SPS – a technology makes its mark
SPS, a composite of steel and a polyurethane core, has been in successful use for about 20 years. The applications cover offshore platforms, ships’ decks, high-rise floor slabs, metro and suburban railroads, and bridges. And that’s by no means the complete list of possible uses. Over the years, the steel-polyurethane-steel sandwich has proven to be an indispensable element in many structural areas. Particularly if it’s a question of sustainability, strength, weight reduction, feasibility, and cost management. And now, in the refurbishment of the Red Bridge in Luxemburg, SPS has yet again demonstrated the potential of the sandwich principle.

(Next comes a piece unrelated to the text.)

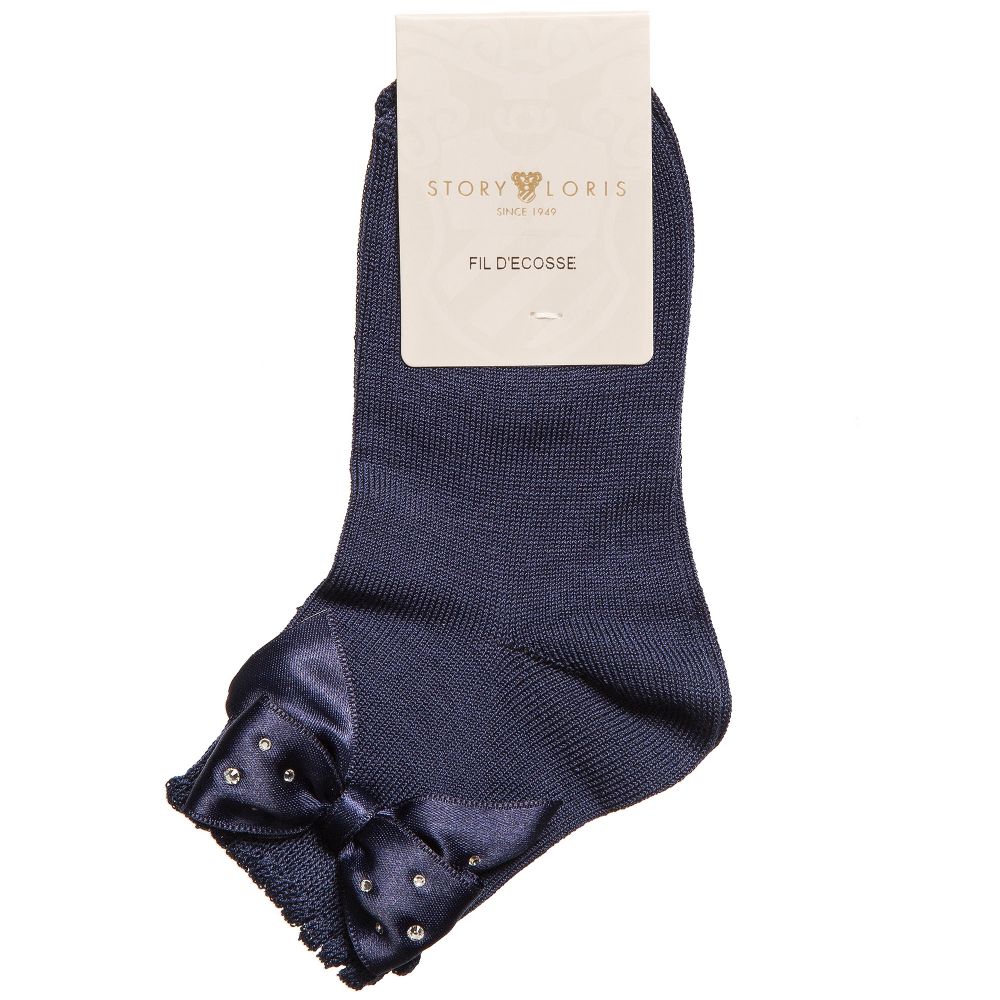 Story Loris-Girls Navy Blue Socks with Diamanté Bow | Childrensalon Outlet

Christof Grieser-Schmitz, SPS Project Leader and Head of Infrastructure at BASF, explains the technology: “SPS is not only stronger and less expensive than most other carriageway systems but using SPS makes major reductions in bridge weight possible.” At the same time, the solid polyurethane core audibly diminishes the otherwise usual traffic noise, as there is no longer a resonator typical of steel structures. Polyurethane acts like a damper. In terms of service life, the polyurethane-steel sandwich is decades better than other technical solutions. Michael Kennedy, President of Intelligent Engineering, is convinced of the system’s technological and economic superiority: “It’s taken several years for the idea to get established, but our technology will transform the future of construction.” One thing is certain: In terms of speed, flexibility, durability, and cost-effectiveness, SPS is a revolutionary idea for structural steel engineering that no other material can match.
How long has SPS been around?
At Carleton University in Ottawa, a research project into the development of ice barriers to protect offshore installations in the Arctic Beaufort Sea was initiated in 1993. It was in this context that Stephen Kennedy, the “inventor” of SPS, hit upon the idea of producing a load-bearing composite of steel and plastic capable of withstanding the impacts of ice floes in choppy seas.
What is SPS?
The Anglo-Canadian firm Intelligent Engineering was created to market this idea. Together with BASF, it developed a plastic that, in a single load-bearing element, combines the characteristic advantages of steel structures with the additional physical properties resulting from the marriage of steel plates with plastic. The outcome was SPS, an element of two steel plates sandwiching a solid polyurethane core. This alternative composite material is capable of replacing conventional construction methods that use concrete or steel. Without its inventors’ vision and perseverance, SPS would never have seen the light of day. And modernizing the Pont Rouge in Luxemburg with ongoing traffic flow would never have been possible.